Arduous Telling Not Understanding every week tries to reply your burning questions on why issues are the best way they’re in Maine — particularly about Maine tradition and historical past, each way back and up to date, giant and small, essential and foolish. Ship your inquiries to [email protected]
This week’s query comes from my expensive colleague, Judy Harrison, who wished to know what the deal is with an uncommon landmark in Orrington that she drives by on Route 15, on her solution to camp within the summers.
What’s the cope with that large round stone wall on Route 15 in Orrington?
Regardless of its dimension, it’s really considerably simple to overlook the big stone construction, because it blends in with overhanging bushes alongside Route 15, and it’s not close to every other well-known landmarks.
However when you see it, you’ll be able to’t unsee it: the Orrington Pound, an almost 200-year-old circle constructed out of fieldstone, just some ft from the aspect of the highway.
Although it seems moderately mysterious, like one thing constructed by druids to mark the solstice, it was really constructed by the early residents of Orrington for a way more pedestrian objective: holding livestock from operating amok round city. It’s a relic from an earlier time when Maine was largely an agricultural state, and most small cities have been dominated by farms and farming households.
“On the time, early settlers didn’t have robust fences to maintain marauding livestock out of their neighbor’s crops and pastures,” stated Judith Frost Gillis, president of the Orrington Historic Society. “The homeowners have been fined on a per-animal foundation occasions the variety of days that the poundkeeper needed to take care of them.”
Livestock nonetheless handle to get unfastened at this time — simply this spring, some cows escaped from an Previous City farm. Within the 18th and Nineteenth centuries, nevertheless, it was such an issue that one of many causes many cities selected to include was to construct kilos and rent pound keepers to maintain the marauders beneath management. Roaming cattle might trample crops, harm property and even trigger harm to individuals making an attempt to get them into line.
In accordance with pound data, that are nonetheless held by the Orrington Historic Society, within the mid-Nineteenth century, E. L. Bowden, the poundkeeper — akin to at this time’s animal management officers — charged $10.80 for 15 sheep for 5 days. If the poundkeeper couldn’t determine the animal, he would promote the animals and fines in native papers or on posters.
Earlier than the stone pound that stands at this time was in-built 1843 — constructed by Edward Pomeroy of Brewer at a price of $111 — a wood pound stood on the identical web site, in-built 1807. The wood kilos weren’t notably safe, nevertheless.

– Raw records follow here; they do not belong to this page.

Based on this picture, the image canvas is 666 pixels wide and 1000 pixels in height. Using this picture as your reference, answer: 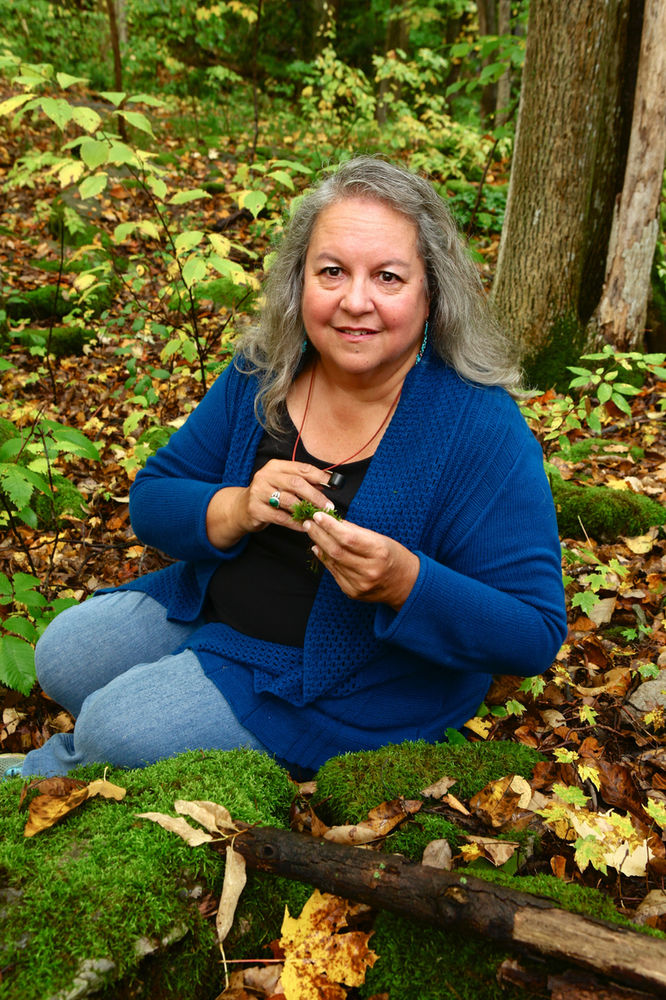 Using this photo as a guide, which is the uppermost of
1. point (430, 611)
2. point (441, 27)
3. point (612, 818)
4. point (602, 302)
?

“It was simple for a farmer to interrupt out animals to take house his critters with out paying the nice,” Gillis stated. “The stone pound was in fact a lot stronger with an iron gate and lock, and the gate remains to be there at this time.”
Animal kilos, additionally referred to as livestock circles, are literally pretty widespread throughout Maine. Along with storing wayward animals, they have been additionally used as a spot to purchase and promote livestock in a public setting.

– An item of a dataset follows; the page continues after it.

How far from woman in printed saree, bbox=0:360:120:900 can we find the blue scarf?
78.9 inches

Its shut proximity to busy Route 15 signifies that the Orrington Pound has been hit by automobiles quite a lot of occasions over time, together with one notably damaging strike by a minivan in 2006.

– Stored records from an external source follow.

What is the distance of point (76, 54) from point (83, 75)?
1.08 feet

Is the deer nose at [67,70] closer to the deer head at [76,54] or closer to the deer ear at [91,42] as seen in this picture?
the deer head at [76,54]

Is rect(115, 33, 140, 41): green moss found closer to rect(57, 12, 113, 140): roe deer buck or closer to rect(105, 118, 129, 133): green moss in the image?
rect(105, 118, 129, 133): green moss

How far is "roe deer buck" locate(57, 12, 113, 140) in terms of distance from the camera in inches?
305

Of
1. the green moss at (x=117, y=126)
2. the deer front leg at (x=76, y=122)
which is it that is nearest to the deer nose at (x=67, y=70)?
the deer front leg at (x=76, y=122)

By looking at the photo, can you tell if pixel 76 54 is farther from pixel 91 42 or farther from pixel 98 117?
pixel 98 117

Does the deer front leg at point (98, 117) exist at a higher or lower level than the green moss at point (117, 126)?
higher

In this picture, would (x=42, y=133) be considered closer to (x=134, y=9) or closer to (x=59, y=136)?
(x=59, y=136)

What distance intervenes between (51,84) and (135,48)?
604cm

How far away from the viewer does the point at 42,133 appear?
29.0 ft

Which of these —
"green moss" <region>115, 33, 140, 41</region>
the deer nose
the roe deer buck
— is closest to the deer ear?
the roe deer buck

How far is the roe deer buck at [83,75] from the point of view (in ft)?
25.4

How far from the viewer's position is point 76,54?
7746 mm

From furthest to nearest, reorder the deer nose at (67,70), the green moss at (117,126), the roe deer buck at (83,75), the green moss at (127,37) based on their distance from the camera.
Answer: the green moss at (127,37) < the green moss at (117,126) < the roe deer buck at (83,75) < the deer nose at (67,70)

Along with the one in Orrington, there are animal kilos in quite a lot of cities throughout Maine, together with Waldoboro, Pownal and Sedgwick, all in numerous states of preservation.
By the late Nineteenth century, as Maine’s financial system started to shift away from agriculture, city kilos have been largely left to fall into disrepair. Orrington’s is especially effectively preserved, due to a neighborhood effort in 1988 by the Orrington Historic Society and Penobscot Power Restoration Firm — which is just some hundred ft away on Route 15 — to revive it.